Promoting voter ID, Trump claims ID needed to buy groceries
TAMPA, Fla. (AP) — President Donald Trump has wrongly claimed that shoppers need to show photo identification to buy groceries, and he is accusing Democrats of obstructing his agenda and stalling confirmation of his Supreme Court nominee.
Trump also is defending his trade agenda and snapping at China and other U.S. competitors for having “targeted our farmers.”
The president addressed thousands of supporters Tuesday night at an event intended to boost two Republican candidates before the Aug. 28 primary in the battleground state.
Trump was railing against the idea of noncitizens voting and advocating stricter voting laws when he asserted that IDs are required at the supermarket checkout.
“If you go out and you want to buy groceries, you need a picture on a card, you need ID,” he said. “You go out and you want to buy anything, you need ID and you need your picture.”
A White House spokesman did not immediately respond to questions about when the billionaire president last bought groceries or anything else himself. Photo IDs are required for certain purchases, such as alcohol, cigarettes or cold medicine.

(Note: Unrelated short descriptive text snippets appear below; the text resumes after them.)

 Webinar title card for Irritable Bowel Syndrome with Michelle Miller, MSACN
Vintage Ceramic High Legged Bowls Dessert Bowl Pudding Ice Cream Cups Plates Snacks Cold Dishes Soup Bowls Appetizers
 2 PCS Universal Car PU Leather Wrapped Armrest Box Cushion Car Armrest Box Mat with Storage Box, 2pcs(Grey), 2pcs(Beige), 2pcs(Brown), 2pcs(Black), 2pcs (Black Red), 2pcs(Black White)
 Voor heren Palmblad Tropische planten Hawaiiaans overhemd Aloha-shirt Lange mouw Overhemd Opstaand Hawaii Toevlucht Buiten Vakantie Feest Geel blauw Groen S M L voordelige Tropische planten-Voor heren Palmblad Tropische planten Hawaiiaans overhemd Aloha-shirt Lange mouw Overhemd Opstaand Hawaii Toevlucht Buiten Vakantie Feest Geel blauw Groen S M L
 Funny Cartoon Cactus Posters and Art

People who write checks for their grocery bills frequently need to show ID, but that’s an increasingly less common form of payment. According to the National Grocers Association’s most recent data, the use of checks as a percentage of total transactions dropped from 33 percent in 2000 to 6 percent in 2015.
At the rally, Trump picked his sides among Republicans as he embraced U.S. Rep. Ron DeSantis in the primary for governor and backed the U.S. Senate campaign of Gov. Rick Scott.

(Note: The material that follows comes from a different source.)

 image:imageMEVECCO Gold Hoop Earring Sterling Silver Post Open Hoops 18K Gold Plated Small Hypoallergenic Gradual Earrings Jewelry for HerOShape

“We have to make sure Rick Scott wins and wins big” against the incumbent, Democrat Bill Nelson, the president said.
He also appealed for voters to elect more Republicans to Congress, saying Democrats are opposing his to-do list and slowing consideration of his Supreme Court nominee, Brett Kavanaugh.
Democrats “don’t want to give Trump any victory,” he said. “They will do anything they can to not help the Trump agenda.”
Trump has threatened to shut down the federal government over his push to overhaul the nation’s immigration system and pau for his promised wall along the U.S.-Mexico border. But officials say Trump has reassured staff in private that he will not provoke a fiscal crisis before the November election, when the GOP hopes to retain its majority.
The president avoided making an outright reference to a government shutdown during the rally, saying, “We may have to do some pretty drastic things” unless Democrats support his agenda.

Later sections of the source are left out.